Thus far we have largely discussed efforts by national governments and by regions to reduce the threats of terrorist finance or involvement by charitable entities through the enhanced use of counter-terrorism law and policy. But faced with the impact of counterterrorism law and policy on civil society, civil society groups have responded in different ways. At the national level, as mentioned in the chapters on the United States, the United Kingdom, Canada, and India, nonprofit groups and coalitions have opposed specific elements of anti-terrorism law and policy that seem directed against, or likely to have a disproportionate impact on civil society. In the United States, for example, organizations like OMBWatch,

the American Civil Liberties Union (ACLU), the Council on Foundations and others have played important roles in identifying and, where possible, seeking to ameliorate those impacts. In the United Kingdom, the National Council on Voluntary Organizations (NCVO) has tried to warn of the dangers of reducing the role of the Charity Commission in investigating and responding to links between charities and terrorism.
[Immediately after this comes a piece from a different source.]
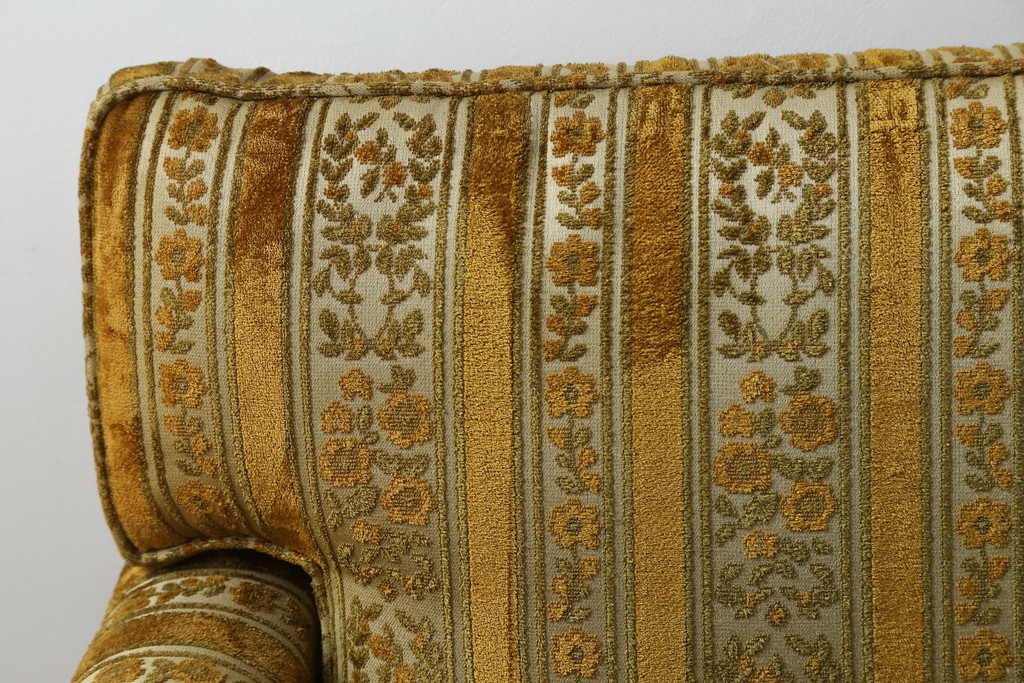中古　DREXEL HERITAGE(ドレクセルヘリテイジ)　Upholstery(アップホルスタリー)　ホテルのようなラグジュアリーな空間演出が叶う3人掛けソファ(アームソファ、3Pソファ、三人掛け)(R-065959)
In the United States, the United Kingdom, India, and Canada, Muslim representative and lobbying groups have sought to point out discrimination against Muslim nonprofits and charities where it appears. Beyond these largely national efforts, several other initiatives are

underway to ease restrictions on Muslim charities, reduce government interference with Muslim charities uninvolved with terrorism, increase confidence in the Muslim charitable sector, and promote governance and accountability in the sector. These are diverse efforts, some more advanced that others. Some of these projects are largely defensive in nature – defensive for the Muslim charitable sector in individual countries, or more specifically defensive for organizations closed, charged or under investigation. Most are also future oriented, seeking to re-establish a

significant presence for Islamic charity in the Western charitable world while improving practices in the sector and, of course, reducing the possibility that these charities can be used for terrorist purposes. Some may be defensive, confidence-building, and self-regulatory all at the same time – a fascinating attempt to rebuild a sector that has been significantly damaged in a number of countries.